→ ACTION ITEM:
Within the listing below, the lines to output run from the one containing "1212 Clara Ave, Saint Louis, MO 63112" through the one containing "Orielle - Mini-robe"; copy them exactly and nothing else.

→ RECORDS:
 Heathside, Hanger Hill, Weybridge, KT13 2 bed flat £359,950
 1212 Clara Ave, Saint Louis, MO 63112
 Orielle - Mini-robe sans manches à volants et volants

==

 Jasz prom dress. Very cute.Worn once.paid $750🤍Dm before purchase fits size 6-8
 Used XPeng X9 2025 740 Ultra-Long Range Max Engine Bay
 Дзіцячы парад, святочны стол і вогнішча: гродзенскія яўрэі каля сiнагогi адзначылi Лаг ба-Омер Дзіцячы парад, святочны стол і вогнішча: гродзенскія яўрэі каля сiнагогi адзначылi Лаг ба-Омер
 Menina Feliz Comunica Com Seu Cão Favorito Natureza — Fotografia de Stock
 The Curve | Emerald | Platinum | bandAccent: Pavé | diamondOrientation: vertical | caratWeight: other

→ ANSWER:
 1212 Clara Ave, Saint Louis, MO 63112
 Orielle - Mini-robe sans manches à volants et volants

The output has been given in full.